Samer Iskandar, a former FT correspondent, passed away on August 13, 2024 in Paris. He was 57. He remained accompanied throughout his illness by his loving wife Isabelle and daughter Violette.

To be writing this obituary for him today is difficult. Samer was my mentor and, without the steadying rhythm of our conversations, I struggle to find my footing. Nevertheless I will follow the advice he always gave me when I stalled before a sentence: keep your foot on the gas and write.

Samer was a financier, teacher, researcher and journalist. To try to sum up his career across so many industries, roles and locations is a challenge perhaps only he could have risen to. He was a board member at the Banque Libano-Française, a senior commentator at the BBC, an executive director at Euronext and a journalist at this very newspaper, where from 1996 to 2001 he served as an International Capital Markets reporter, the Brussels correspondent, the Paris correspondent and the editor-in-chief of the magazine Connectis.

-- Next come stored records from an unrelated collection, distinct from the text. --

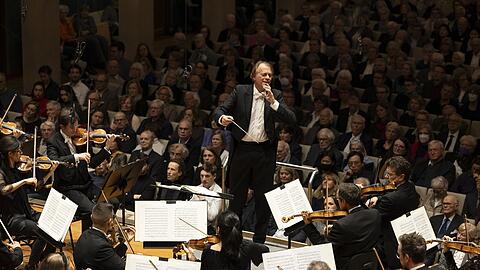 Thomas Hengelbrock dirigiert das Symphonieorchester des Bayerischen Rundfunks im Herkulessaal.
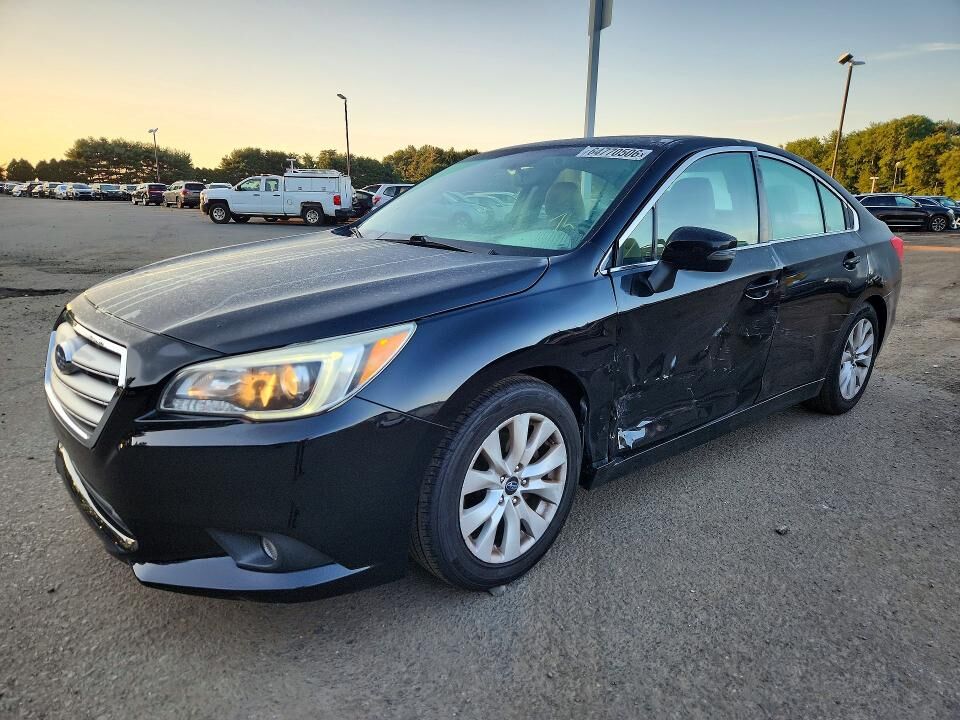 2015 SUBARU Legacy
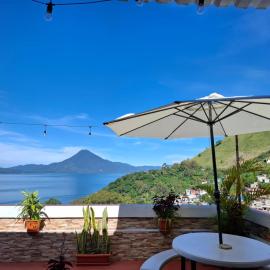 Casa Bella Vista en Santa Catarina Palopó cerca de Panajachel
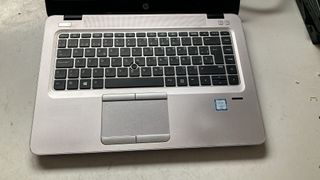 HP 840 G3 con 2 discos duros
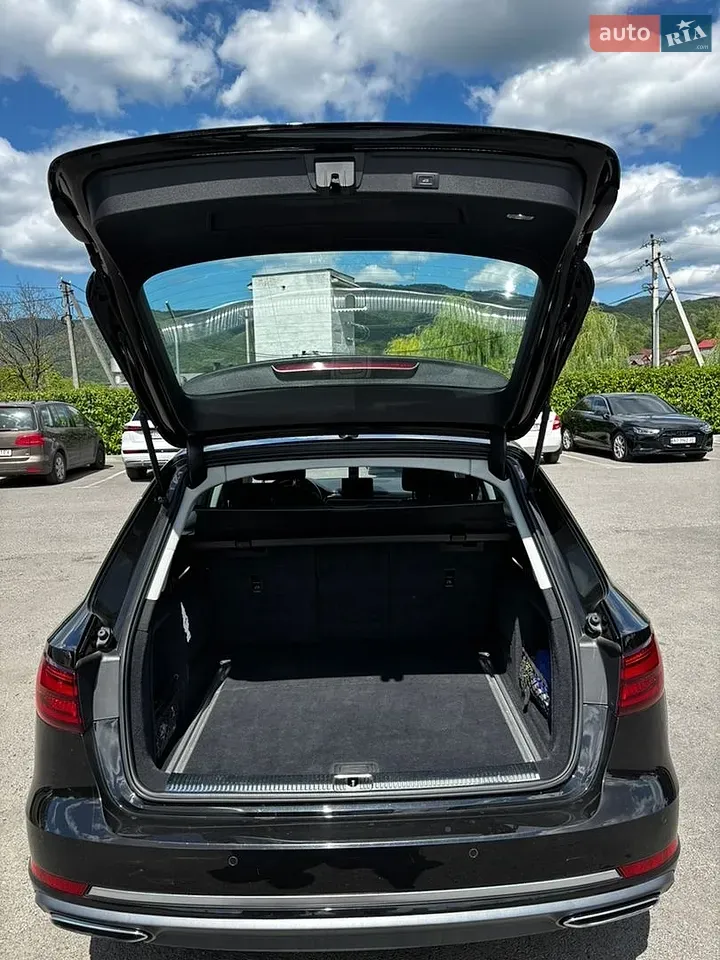 Audi A4 2018 photo 3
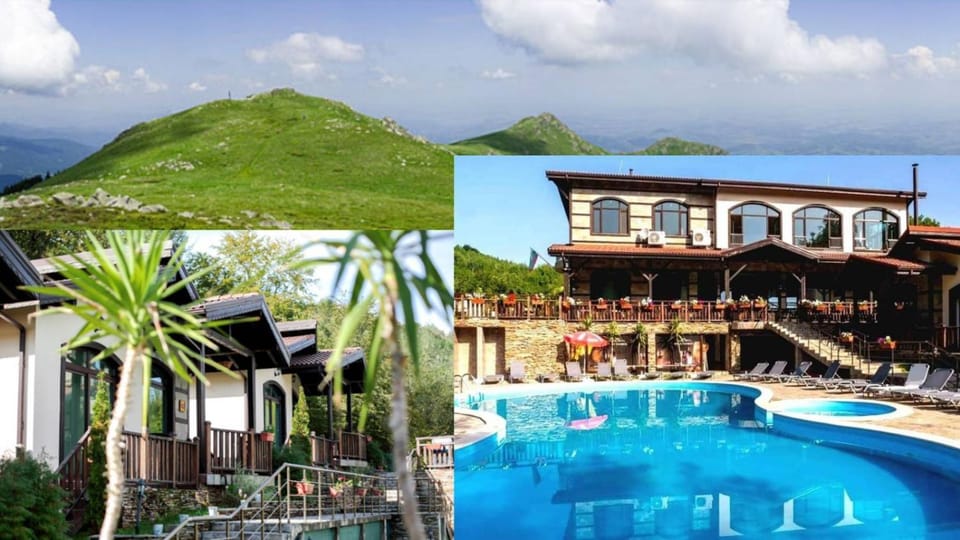Тодорини Кукли къща за гости Bed and Breakfast in Bulgaria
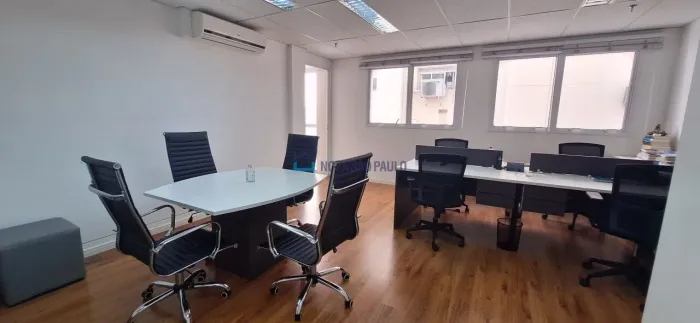 Conjunto Comercial 34m² com Vaga e Sacada - Vila Olímpia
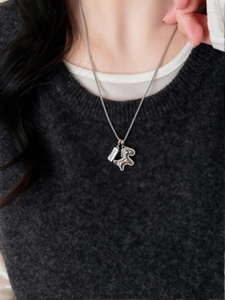 Détail du collier cheval en argent avec plaque gravée Sweet Love pour femme chic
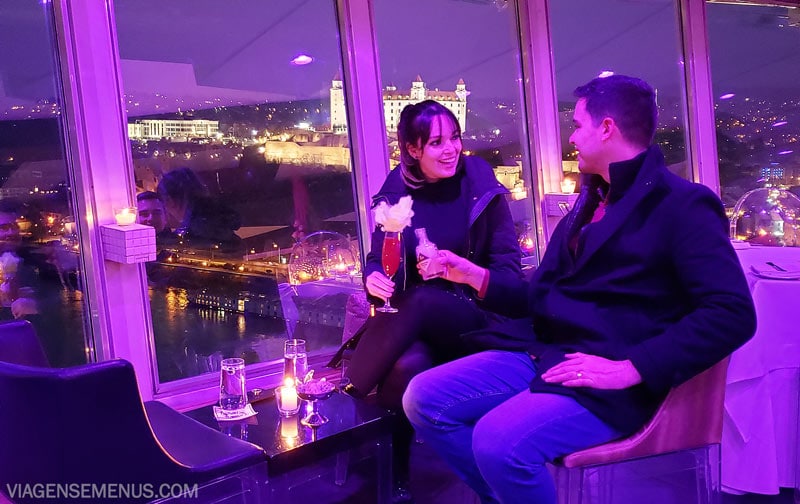 O que fazer em Bratislava - UFO restaurante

Sam was passionate about economics, and his skill with numbers was perhaps matched only by his skill with stories. This was a man who, when I asked him what year he’d met his wife Isabelle, put it to me like this: “Our first date was in Francs; by our second, we’d already switched to the euro.” 

But one of the roles Sam cherished most was being a professor. From 2010 until he fell ill, he taught finance at the ESCP Business School. As one of his students, albeit in another discipline, I felt in good company the day I read the hundreds of testimonials of other young people whose intellectual, personal and professional lives Sam had so profoundly impacted.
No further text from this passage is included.